19 Mayıs Atatürk’ü Anma Gençlik ve Spor Bayramı Bilkent Semfoni Orkestrası’nca büyük bir konserle kutlandı. 16 yaşından 28 yaşına kadar genç solistlerin yer aldığı konserde Alan Thomas’tan Paganini’ye kadar bir çok sanatçının eserleri çalındı. Gecenin yönetmeni Işın Metin, ona eşlik eden solistler ise Cem Önertürk, Ceren Baran, Renato Lupu, Hande Uçar ve Elvin Hoxha Ganiyev idi.

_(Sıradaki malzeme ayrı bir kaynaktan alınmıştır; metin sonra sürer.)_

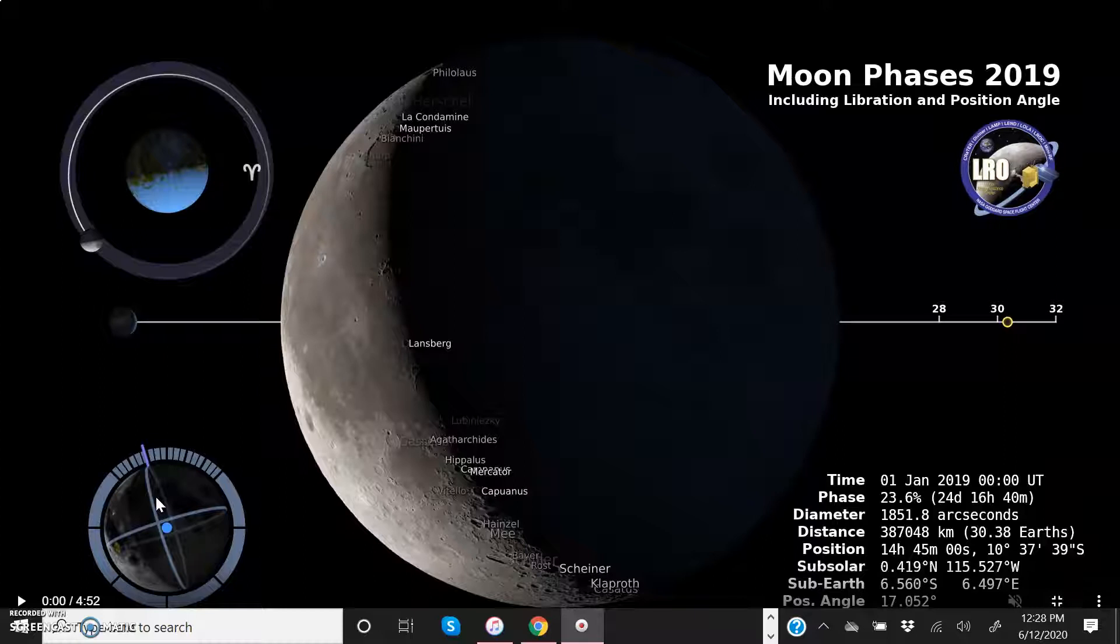Now what I mean by geocentric, I mean what the moon looks like as seen from the surface of the Earth. We're going to see basically 12 lunar months occur here with this video as the moon orbits the Earth over the course of 2019.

Konser, Alan Thomas’ın Flüt ve Gitar için Konçerto‘su ile başladı. Bu eser Klasik Gitar dergisi tarafından “Çağdaş Gitar İçin Bestelenen Eserlerin En İyisi” seçilmişti. Eserin bestecisi Alan Thomas, 1997 Gaudeamus Yorumcular Yarışması’nda birinci olduktan sonra (o güne kadar en büyük ödülü kazanan tek gitarist) Avrupa’nın önde gelen solistleri arasına girdi. Sanatçı, Flüt ve Gitar için Konçerto’da Balkan ve İspanyol ezgilerini başarılı bir şekilde yansıtmış. Eserin ilk parçasında sanatçı, gençlik ve aşk duygularını anlatmış. İkinci parçada ise orta yaşı anlatan eser aynı zamanda ulaşılamayan aşkı da anlatıyor. Son bölümün ana teması ise yine gençlik ve aşkı anlatan bir temaydı. Tüm bunlar bir yana flütte Cem Önertürk ve gitarda Ceren Baran oldukça çok iyi bir ikiliydi. Bana göre konserin en etkili kısmı birinci eserdi. İkinci eser ise “cazı senfonik bicide yorumlayan sanatçı”nın en meşhur eseri Rhapsody in Blue idi. Eser, Anglo-Sakson halk melodileri ve kovboy ezgilerinden esinlenerrek hazırlanmış. Müzik formu olarak hızlı-ağır-hızlı biçimdeydi. Bütün temalar 4/4’lük ölçüdeki gam dizisi içinde bemollü notalar kullanılarak, minör etkisiyle hüzünlü bir hava yarattı. Cazın mutlaka bir dans ritmi yansıtması gerektiğine inanlar için ne yazık ki bu eser o düşünceyi yerle bir ediyor.
Üçüncü parça ise Hande Uçar’ın solistliği eşliğinde Liszt’ten Totentanz idi. Lisztin ne kadar büyük bir usta olduğunu anlatmak kelime israfından başka bir şey değil. Bu eser zaman zaman piyanisti zorlasa da piyanist genç yaşına rağmen gayet başarılı bir performans sergiledi. Konserin son parçası ise Paganini’nin Keman Konçertosu (no 1) idi. Ayrıca bu parçanın solisti 16 yaşındaki Elvin Holxha Ganiyev’di. Sanatçı ilk sahneye çıktığında heyecandan yerinde duramasa da kemanı eline aldığı zaman tüm heyecanını attı. Solist eserdeki hüznü anlatabilmek için tüm hünerini sahneye döktü ki zaten Paganini’nin eserini çalabilmek büyük bir maharet ister .
Eserlerin yanı sıra, ambiyansı değerlendirmek gerekirse, salon hemen hemen doluydu. Lakin, üzücü bir nokta gençlerin sayısının az olmasıydı. Her parçadan sonra solistler ve orkestra deyim yerindeyse salon inleyinceye kadar alkışlandı. Konserin sonunda kaç olduğunu sayamadım ama Şef Işın Metin en az 4-5 kere tekrardan sahneye gelmek zorunda kaldı. Eğer bir sonraki bayramınızı güzel bir şekilde sonlandırmak istiyorsanız, B.S.O. bunu sizin için en iyi şekilde yapıyor.